Memory makers are turning to multi-year supply agreements as persistent shortages and surging AI demand force a rethink of traditionally short-term DRAM contracting.

Leading memory manufacturers are moving toward multi-year contracts for memory supply in a bid to stabilize a market strained by persistent shortages. “We’ve been engaged with several of our customers about a five-year strategic customer agreement,” chief business officer Sumit Sadana of Micron told analysts on Wednesday. Samsung, too, is considering extending agreements from quarterly or annual terms to three to five years, Bloomberg reports.

The memory industry’s dominant players, Samsung, SK Hynix and Micron, have all redirected capacity toward AI-optimized memory such as HBM, tightening the supply of conventional DRAM. At the same time, demand forecasts from hyperscalers and system companies continue to escalate, driven by AI servers and emerging applications such as robotics. Micron executives acknowledged that near-term capacity additions will make only a limited dent in the gap between supply and demand.

Credit: SK Hynix

The resulting prolonged lead time is reinforcing the need for longer-term planning between suppliers and customers.

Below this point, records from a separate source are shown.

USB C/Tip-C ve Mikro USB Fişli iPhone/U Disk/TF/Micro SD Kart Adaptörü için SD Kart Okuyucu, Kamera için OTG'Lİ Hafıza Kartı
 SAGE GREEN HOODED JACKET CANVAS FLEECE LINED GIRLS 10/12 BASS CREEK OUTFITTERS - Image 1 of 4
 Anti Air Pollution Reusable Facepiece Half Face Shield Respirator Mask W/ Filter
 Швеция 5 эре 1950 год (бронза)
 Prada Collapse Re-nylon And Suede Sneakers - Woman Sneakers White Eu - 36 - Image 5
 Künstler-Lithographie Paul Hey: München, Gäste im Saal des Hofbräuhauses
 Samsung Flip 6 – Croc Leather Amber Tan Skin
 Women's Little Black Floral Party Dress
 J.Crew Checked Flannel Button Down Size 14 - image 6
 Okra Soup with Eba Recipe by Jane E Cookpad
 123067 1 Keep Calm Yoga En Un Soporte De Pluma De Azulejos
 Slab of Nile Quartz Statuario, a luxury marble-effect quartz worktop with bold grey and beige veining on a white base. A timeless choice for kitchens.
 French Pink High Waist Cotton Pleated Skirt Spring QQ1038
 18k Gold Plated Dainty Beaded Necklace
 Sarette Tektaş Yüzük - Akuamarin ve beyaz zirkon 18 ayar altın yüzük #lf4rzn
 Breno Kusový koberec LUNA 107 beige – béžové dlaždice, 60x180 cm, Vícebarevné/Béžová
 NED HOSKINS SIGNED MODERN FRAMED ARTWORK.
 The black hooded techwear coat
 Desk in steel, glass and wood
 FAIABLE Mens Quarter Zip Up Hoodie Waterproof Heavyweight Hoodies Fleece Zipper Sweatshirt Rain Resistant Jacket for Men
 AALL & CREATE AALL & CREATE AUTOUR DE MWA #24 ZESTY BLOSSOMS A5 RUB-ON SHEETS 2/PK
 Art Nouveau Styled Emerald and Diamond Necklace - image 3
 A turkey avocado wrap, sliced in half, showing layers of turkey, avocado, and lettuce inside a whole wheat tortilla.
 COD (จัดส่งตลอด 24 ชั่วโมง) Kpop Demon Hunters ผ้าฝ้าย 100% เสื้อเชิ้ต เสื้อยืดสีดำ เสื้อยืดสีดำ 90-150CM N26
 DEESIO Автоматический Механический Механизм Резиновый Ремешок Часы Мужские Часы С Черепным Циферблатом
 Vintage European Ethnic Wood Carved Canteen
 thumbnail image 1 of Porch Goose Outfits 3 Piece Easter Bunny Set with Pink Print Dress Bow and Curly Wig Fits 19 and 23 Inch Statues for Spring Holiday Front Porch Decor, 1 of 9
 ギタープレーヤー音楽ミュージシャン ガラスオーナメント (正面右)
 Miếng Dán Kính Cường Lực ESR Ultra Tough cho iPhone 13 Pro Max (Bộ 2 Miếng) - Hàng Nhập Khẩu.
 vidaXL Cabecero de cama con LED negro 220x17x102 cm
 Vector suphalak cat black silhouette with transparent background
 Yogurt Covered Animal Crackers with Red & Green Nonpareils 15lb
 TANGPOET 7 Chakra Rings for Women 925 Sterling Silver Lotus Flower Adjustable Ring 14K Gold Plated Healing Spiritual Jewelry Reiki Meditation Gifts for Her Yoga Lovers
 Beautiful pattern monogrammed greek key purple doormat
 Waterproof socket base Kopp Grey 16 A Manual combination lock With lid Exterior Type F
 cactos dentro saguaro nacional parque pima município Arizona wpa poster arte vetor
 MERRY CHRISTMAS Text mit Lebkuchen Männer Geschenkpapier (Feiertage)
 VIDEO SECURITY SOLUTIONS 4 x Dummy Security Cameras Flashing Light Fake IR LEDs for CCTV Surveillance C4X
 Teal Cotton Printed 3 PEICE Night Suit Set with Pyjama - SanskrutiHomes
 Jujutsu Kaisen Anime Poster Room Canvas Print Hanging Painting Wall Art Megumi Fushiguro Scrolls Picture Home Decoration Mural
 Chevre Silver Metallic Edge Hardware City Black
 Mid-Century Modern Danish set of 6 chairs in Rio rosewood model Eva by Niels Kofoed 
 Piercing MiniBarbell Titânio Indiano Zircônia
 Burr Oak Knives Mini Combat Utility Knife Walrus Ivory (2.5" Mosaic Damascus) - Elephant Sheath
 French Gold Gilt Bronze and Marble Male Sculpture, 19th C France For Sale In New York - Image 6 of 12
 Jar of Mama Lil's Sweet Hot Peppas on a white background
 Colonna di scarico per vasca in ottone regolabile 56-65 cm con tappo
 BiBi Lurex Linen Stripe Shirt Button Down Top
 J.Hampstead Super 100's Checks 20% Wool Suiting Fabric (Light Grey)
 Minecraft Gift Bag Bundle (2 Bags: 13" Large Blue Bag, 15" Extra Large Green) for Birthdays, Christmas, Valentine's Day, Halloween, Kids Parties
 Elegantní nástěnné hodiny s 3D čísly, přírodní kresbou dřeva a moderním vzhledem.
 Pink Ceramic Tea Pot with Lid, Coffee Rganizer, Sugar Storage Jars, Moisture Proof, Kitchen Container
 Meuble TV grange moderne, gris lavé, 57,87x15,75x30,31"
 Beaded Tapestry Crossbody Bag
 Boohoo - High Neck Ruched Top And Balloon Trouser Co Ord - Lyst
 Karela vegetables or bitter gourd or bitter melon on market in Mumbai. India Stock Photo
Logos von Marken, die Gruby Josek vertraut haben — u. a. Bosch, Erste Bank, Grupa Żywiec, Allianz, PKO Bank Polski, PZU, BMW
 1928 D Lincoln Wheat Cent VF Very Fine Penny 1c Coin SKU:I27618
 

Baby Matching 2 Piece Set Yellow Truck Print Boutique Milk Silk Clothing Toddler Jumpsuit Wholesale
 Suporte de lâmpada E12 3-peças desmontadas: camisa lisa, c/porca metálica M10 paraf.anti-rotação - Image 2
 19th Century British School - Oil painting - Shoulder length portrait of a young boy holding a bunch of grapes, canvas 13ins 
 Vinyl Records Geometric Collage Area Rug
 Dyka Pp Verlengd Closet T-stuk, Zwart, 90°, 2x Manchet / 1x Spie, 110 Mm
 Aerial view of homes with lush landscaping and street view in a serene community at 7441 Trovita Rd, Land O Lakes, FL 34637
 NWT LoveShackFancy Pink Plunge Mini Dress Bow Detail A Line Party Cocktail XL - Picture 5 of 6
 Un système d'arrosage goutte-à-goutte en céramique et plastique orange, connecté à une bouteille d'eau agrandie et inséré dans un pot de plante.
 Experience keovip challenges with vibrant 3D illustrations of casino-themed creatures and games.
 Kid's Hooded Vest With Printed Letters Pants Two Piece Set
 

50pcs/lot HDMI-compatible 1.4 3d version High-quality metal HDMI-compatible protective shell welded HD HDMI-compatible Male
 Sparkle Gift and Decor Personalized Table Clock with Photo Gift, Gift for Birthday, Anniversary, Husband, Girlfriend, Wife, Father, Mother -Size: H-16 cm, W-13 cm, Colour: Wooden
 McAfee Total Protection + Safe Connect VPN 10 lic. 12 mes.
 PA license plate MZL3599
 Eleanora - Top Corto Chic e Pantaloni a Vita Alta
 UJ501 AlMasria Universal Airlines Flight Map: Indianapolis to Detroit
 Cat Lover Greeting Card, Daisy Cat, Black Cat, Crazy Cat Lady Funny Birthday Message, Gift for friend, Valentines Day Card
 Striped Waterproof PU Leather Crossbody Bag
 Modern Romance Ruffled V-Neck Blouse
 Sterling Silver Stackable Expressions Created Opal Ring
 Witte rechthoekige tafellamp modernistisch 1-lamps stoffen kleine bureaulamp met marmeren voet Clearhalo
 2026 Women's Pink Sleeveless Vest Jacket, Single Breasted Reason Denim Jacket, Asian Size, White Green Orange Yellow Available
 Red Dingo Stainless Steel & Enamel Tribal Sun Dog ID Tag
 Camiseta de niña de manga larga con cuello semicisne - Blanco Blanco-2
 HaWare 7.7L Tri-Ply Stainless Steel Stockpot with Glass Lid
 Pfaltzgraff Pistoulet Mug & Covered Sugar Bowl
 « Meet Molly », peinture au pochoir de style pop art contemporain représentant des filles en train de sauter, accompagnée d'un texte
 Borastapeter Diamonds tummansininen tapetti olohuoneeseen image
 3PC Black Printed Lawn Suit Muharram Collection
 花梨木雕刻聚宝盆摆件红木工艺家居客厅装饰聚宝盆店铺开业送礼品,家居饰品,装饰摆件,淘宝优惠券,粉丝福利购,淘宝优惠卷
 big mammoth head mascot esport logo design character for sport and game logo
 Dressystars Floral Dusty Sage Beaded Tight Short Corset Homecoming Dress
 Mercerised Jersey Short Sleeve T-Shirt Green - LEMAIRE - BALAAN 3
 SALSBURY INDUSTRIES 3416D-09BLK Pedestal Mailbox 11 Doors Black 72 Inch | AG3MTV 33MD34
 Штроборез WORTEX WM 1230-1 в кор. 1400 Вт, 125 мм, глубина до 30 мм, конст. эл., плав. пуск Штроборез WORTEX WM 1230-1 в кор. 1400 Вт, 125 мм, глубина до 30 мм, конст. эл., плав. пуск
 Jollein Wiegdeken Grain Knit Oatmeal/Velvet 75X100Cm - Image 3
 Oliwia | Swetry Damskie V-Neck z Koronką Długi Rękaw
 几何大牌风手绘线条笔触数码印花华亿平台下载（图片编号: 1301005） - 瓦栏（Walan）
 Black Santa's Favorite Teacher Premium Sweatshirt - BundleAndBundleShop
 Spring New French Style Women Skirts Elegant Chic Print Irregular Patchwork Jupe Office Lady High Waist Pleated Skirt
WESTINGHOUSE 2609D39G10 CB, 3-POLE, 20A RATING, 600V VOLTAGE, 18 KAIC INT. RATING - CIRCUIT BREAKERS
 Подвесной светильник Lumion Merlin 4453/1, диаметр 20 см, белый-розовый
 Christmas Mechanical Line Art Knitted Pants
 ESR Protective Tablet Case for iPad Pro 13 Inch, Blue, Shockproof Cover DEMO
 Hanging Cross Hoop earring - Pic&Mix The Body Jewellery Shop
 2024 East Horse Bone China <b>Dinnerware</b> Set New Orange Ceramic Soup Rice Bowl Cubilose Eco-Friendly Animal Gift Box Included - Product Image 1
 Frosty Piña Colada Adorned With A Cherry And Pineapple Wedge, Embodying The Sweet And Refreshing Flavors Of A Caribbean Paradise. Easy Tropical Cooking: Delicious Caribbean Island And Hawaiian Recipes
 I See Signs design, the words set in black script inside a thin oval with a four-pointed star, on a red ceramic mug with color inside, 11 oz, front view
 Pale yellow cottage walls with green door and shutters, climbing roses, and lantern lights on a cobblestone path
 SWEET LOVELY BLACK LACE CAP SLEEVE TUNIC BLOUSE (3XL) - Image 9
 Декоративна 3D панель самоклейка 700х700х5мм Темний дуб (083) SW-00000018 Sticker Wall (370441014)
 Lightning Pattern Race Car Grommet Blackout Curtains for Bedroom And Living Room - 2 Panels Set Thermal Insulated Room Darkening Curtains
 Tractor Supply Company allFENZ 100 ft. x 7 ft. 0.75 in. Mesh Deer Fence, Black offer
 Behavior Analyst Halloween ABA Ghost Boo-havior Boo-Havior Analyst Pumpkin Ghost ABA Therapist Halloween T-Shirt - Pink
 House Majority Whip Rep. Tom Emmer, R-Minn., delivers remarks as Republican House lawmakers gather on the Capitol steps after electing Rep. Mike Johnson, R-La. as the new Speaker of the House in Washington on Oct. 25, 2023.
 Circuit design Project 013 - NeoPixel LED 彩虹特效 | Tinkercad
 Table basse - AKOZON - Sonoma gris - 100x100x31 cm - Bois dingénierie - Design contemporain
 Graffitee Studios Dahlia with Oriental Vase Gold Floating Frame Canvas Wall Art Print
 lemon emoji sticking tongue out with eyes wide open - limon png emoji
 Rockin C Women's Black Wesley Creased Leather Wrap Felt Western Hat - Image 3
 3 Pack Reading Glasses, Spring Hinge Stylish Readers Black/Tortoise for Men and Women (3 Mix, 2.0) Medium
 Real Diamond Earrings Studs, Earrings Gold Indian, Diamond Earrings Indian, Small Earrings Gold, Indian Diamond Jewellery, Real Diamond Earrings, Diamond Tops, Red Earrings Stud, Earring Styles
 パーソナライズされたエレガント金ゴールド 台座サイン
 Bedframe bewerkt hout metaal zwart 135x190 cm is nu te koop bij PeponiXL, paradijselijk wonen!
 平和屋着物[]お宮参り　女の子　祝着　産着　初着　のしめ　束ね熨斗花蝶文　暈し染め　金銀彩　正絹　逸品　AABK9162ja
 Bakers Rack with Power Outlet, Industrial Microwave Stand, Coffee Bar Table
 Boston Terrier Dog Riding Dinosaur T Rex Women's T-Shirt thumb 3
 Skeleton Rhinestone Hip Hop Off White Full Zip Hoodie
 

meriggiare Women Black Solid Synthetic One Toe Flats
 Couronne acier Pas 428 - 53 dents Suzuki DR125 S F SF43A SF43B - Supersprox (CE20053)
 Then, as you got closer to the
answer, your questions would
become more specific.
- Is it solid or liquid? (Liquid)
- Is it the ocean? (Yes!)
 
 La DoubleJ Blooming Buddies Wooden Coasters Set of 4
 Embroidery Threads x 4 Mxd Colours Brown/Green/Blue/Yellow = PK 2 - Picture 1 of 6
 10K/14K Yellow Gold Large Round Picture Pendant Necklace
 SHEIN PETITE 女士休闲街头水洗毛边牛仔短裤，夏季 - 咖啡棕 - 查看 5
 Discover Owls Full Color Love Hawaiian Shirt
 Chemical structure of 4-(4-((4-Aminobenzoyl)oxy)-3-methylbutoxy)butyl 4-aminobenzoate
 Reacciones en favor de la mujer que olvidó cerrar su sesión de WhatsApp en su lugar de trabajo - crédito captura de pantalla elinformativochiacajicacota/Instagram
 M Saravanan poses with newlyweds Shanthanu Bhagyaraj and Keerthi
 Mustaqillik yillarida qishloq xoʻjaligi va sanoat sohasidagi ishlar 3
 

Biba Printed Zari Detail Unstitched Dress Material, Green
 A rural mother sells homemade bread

Initially, as prices rose steeply, memory makers started to refuse longer-term deals. As the supply crunch continues to hammer electronics markets, however, they’re emerging as a mechanism to allocate scarce supply and provide visibility for both sides. For customers, they offer guaranteed access in a constrained market. For suppliers, they underpin multibillion-euro investment decisions in new cleanroom capacity, effectively turning memory into a more predictable business.

The increase in DRAM supply, more so than NAND, requires the construction of additional cleanroom capacity. Samsung, SK Hynix and Micron are all building additional fabs, but these aren’t expected to come online before late 2027 at the earliest. By contrast, NAND offers more flexibility. Micron noted that advances in process technology continue to deliver significant bit growth without the same urgency for new fabs, even though additional cleanroom space is still required over time.